Tal vez por esos caprichos es que el viento también tiene papel preponderante en la mitología. Según cierta leyenda, el nombre de Adán (ADAM) está hecho de las iniciales del nombre griego de los cuatro vientos: Anatole, Dysis, Arctos y Mesembria. En la antigua Grecia, los Anemoi eran dioses del viento y se relacionaban con los cuatro puntos cardinales. Un mito muy famoso es el del Odre de los Vientos, que Eolo le dio a Ulises para ayudarlo a regresar a Ítaca. En el odre estaban encerrados todos los vientos y Eolo había advertido a Ulises que había que ser muy cuidadoso con él; sin embargo la tripulación, pensando que lo que había en el odre era vino, aprovechó que Ulises dormía para abrirlo. Así, a la manera de una caja de Pandora, se dispersaron los vientos hasta entonces confinados y desataron una gran tempestad.
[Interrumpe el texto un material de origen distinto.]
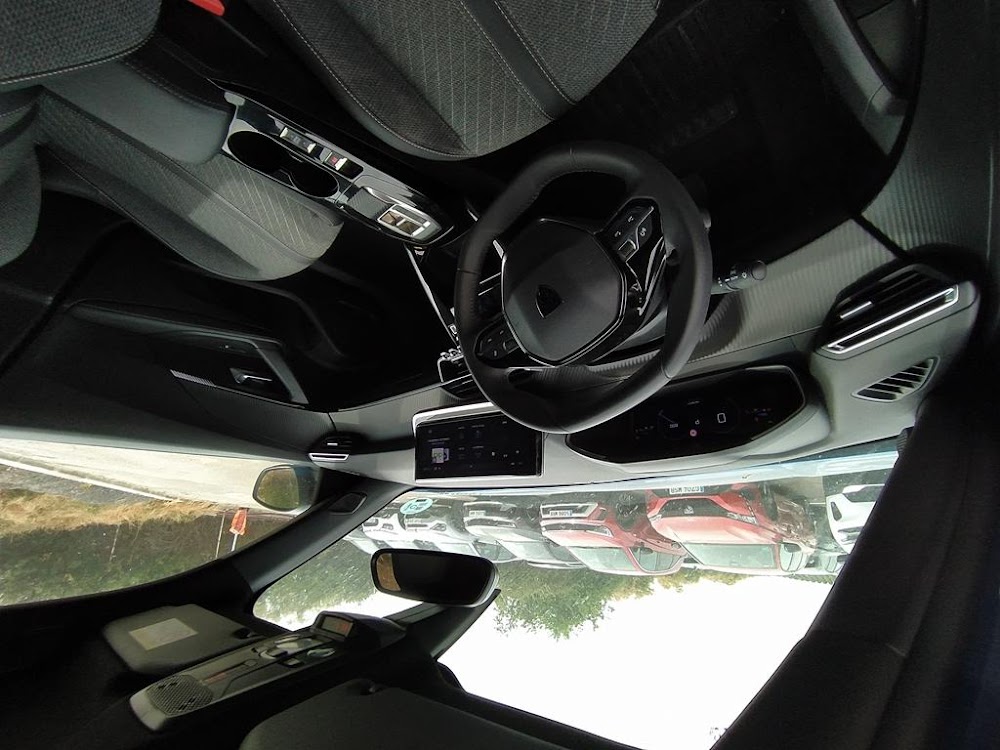 Foto Peugeot 2008 13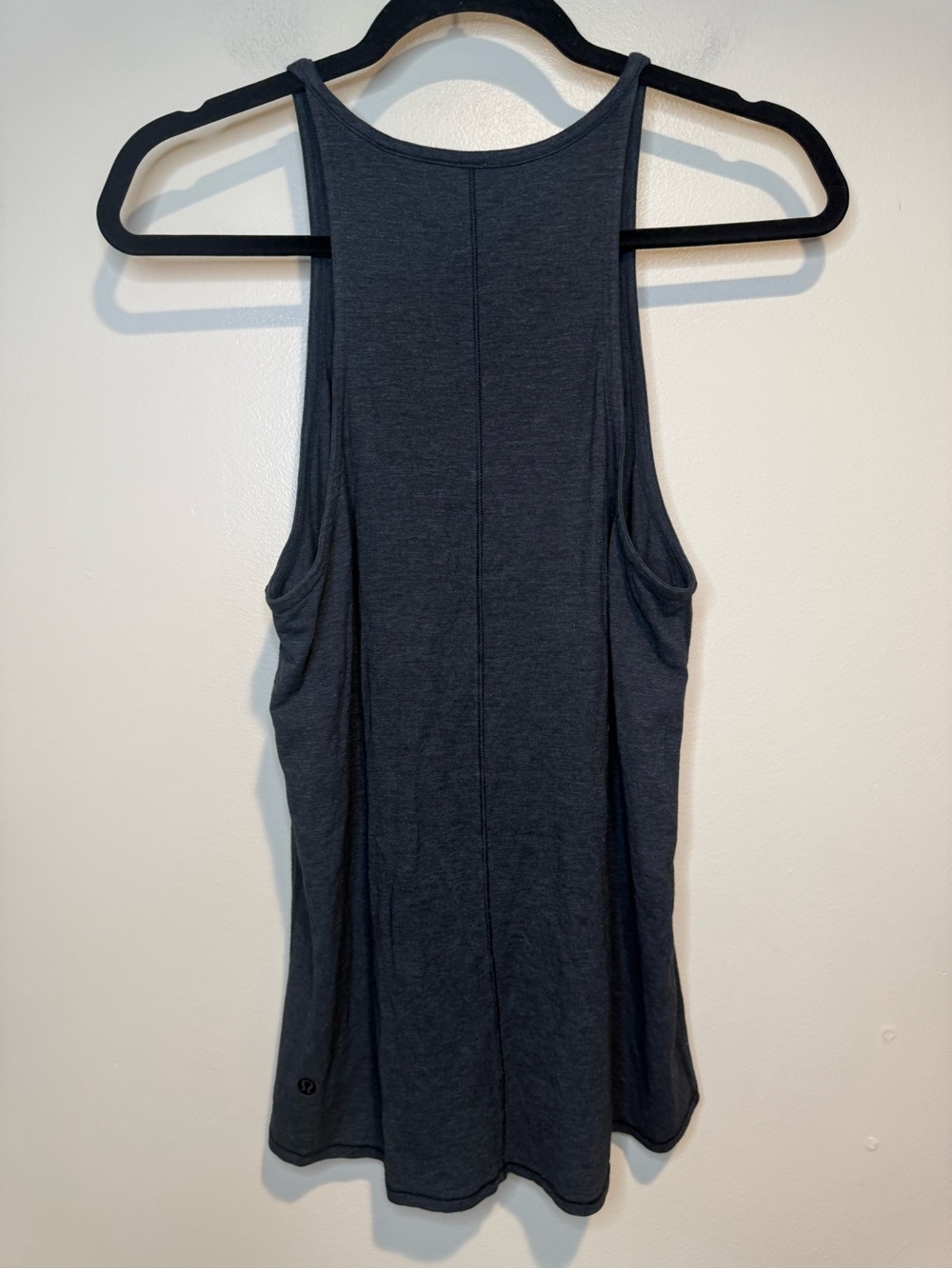 Lululemon essence tank dark heather grey - Picture 3 of 5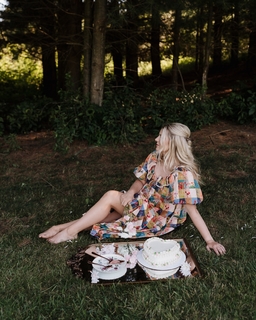 Nicole Franzel feet photo 5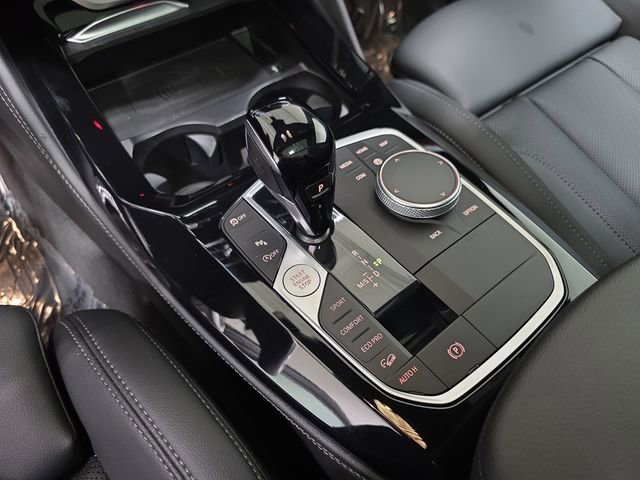 Certified 2025 BMW X4 xDrive30i image 22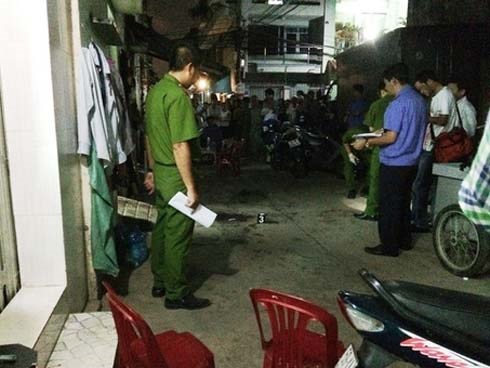 Khóa cửa nhốt bạn gái rồi đi nhậu, thanh niên bị đâm chết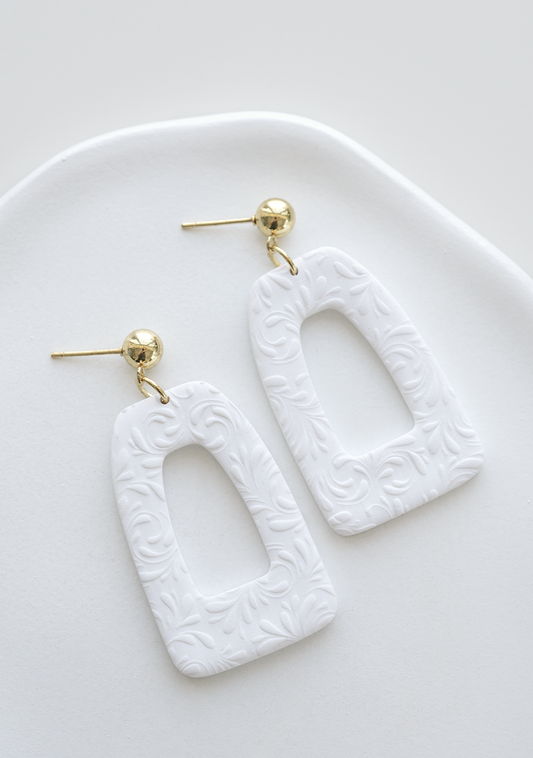 SHANGHAI white polymer clay dangle earring, romantic boho jewelry, floral texture, bridal earrings, gold plated stainless steel, handcrafted 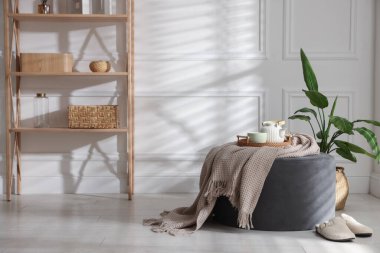 Evde çay takımı olan şık bir puf.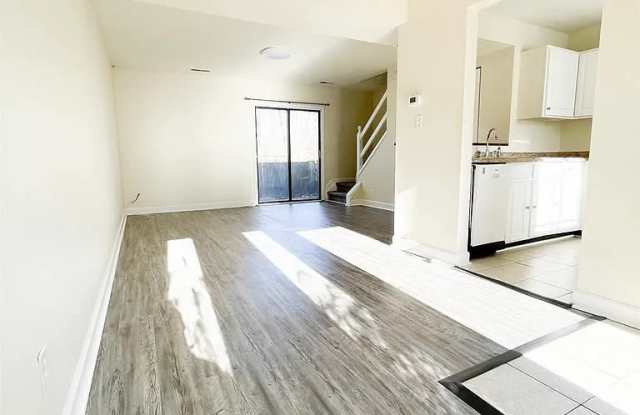 1444 Tenbury Drive - 1 Gallery 1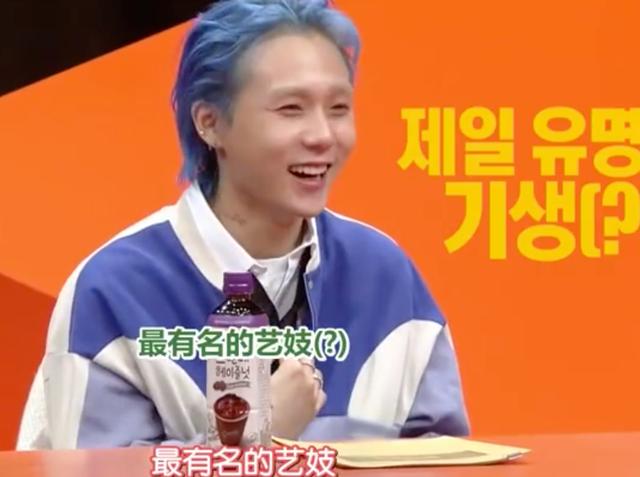 泫雅与自己的内衣广告牌合影！惹得网友骂声一片，营销号也受争议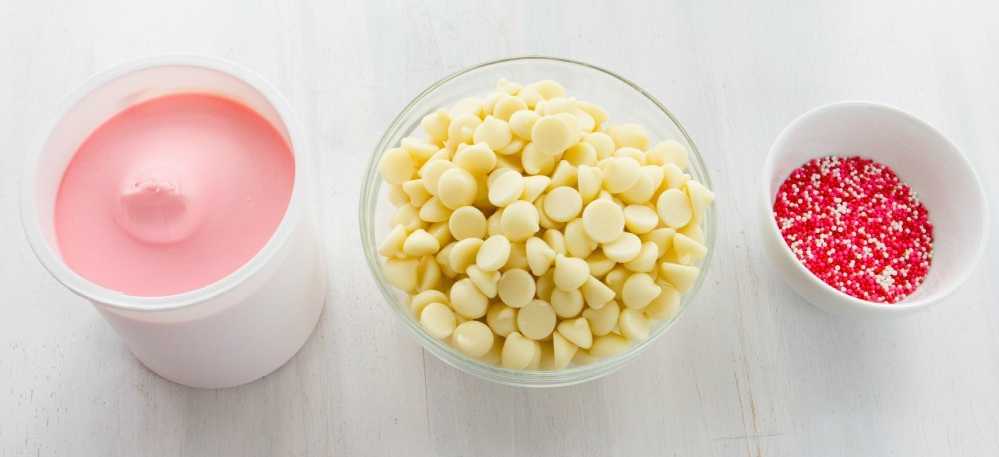 'Búng tay' ra bánh dâu tây cho chàng ngất ngây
En la mitología japonesa, el dios del viento se llama Fujin y es uno de los más antiguos; el tipo estuvo presente en el momento de la creación y cuando abrió su bolsa y dejó salir los vientos (¿Y no sería otro odre? Porque son varios los dioses aficionados a las bebidas espirituosas) por primera vez, se disipó la niebla matinal, se llenaron las puertas entre el Cielo y la Tierra, y el Sol dio exhibió su brillo inaugural. Asumo que de ahí viene el nombre de Fujimaru del Viento, protagonista del dibujo animado de televisión “El Pequeño Samurái” (una de las pocas series japonesas que me gustaron durante mi infancia), que dominaba una técnica ninja con la lograba movilizar una cantidad insólita de hojas.
Uno de los libros más interesantes que he leído en los últimos tiempos se titula “El Nombre del Viento”, escrito por Patrick Rothfuss (si le gustan los libros de fantasía y magos, pero desea algo distinto a las repetidas historias de elfos y enanos, por favor lea éste). El escritor retoma el ya clásico, aunque siempre fascinante planteamiento en el que conocer el verdadero nombre de las cosas te da poder sobre ellas; uno de los anhelos del mago protagonista de la historia es precisamente conocer el nombre del viento.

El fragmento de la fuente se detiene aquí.